Has science gone too far? Yes. But boy, does it look cool doing it.
Cruel Summer (Scots Pine Version)
It’s well-known that trees are nature’s librarians, meticulously keeping records of climate and environmental changes dating back centuries. But over the past decade, scientists have discovered a special type of blue ring in conifers that specifically memorializes cold summers. Low temperatures prevent lignification of the cell walls in the wood, creating the color pattern.
“Blue Rings (BRs) are a relatively newly described anatomical feature in conifers,” said researchers led by Agata Buchwald of Adam Mickiewicz University. “In the current literature, the formation of BRs is associated with cold growing season conditions” in various pine species, though “the potential of BRs in shrubs for paleoclimate studies still has to be explored.”
With that in mind, there was only one thing to do: Hike up Mount Iškoras in Norway and see what the Scots pines and Juniper shrubs had to say. The team took cores from dozens of plants high in the treeline, and discovered blue rings from the year 1902 and, to a lesser degree, in 1877, indicating that summers in those years were colder than average.

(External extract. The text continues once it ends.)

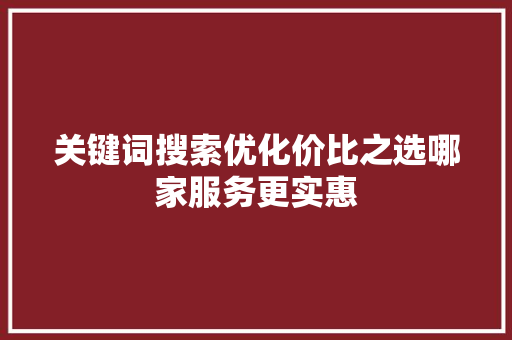 关键词搜索优化价比之选哪家服务更实惠 搜狗SEO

The testimony of the trees not only lines up with historical temperature records, it also coincides with major volcanic events. In the spring of 1902, for instance, Mount Pelée erupted on the Caribbean island of Martinique, killing 30,000 people in one of the worst volcanic disasters on record. The reverberations of this tragedy were etched in blue in the hearts of trees 8,000 miles away on Nordic mountaintops. Reality is so wild and enchanting; it’s a shame it can’t compete with ad campaigns.